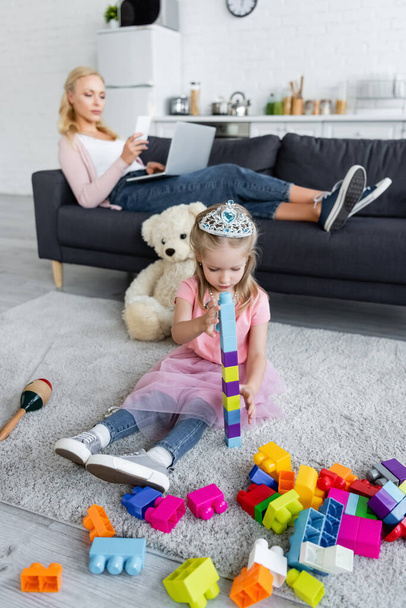 chica en juguete corona jugando en el suelo con bloques de construcción cerca de mamá con gadgets sobre fondo borroso - Foto, Imagen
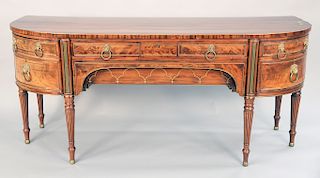 Regency brass mounted mahogany and rosewood sideboard, D-form, the center with a long drawer over a shaped frieze drawer, centered b...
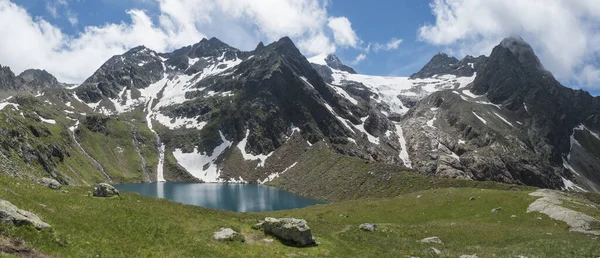 Blick auf den türkisblauen Bergsee Grunausee in alpiner Landschaft mit grünen Wiesen und schneebedeckten Berggipfeln. Tirol, Stubaier Alpen, Österreich, Sommersonniger Tag — Stockfoto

▸ EXERCISE DETAILS
All lines above are to be restated word for word, with pictures excluded.

▸ RESPONSE TO THIS TASK
 chica en juguete corona jugando en el suelo con bloques de construcción cerca de mamá con gadgets sobre fondo borroso - Foto, Imagen
 Regency brass mounted mahogany and rosewood sideboard, D-form, the center with a long drawer over a shaped frieze drawer, centered b...
 Blick auf den türkisblauen Bergsee Grunausee in alpiner Landschaft mit grünen Wiesen und schneebedeckten Berggipfeln. Tirol, Stubaier Alpen, Österreich, Sommersonniger Tag — Stockfoto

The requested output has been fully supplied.